Work request: Verbatim transcription of the listing is needed.

Available data:
|---|

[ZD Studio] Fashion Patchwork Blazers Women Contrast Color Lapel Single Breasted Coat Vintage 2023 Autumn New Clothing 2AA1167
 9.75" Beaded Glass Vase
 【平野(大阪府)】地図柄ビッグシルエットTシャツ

|---|

Solution to the exercise:
[ZD Studio] Fashion Patchwork Blazers Women Contrast Color Lapel Single Breasted Coat Vintage 2023 Autumn New Clothing 2AA1167
 9.75" Beaded Glass Vase
 【平野(大阪府)】地図柄ビッグシルエットTシャツ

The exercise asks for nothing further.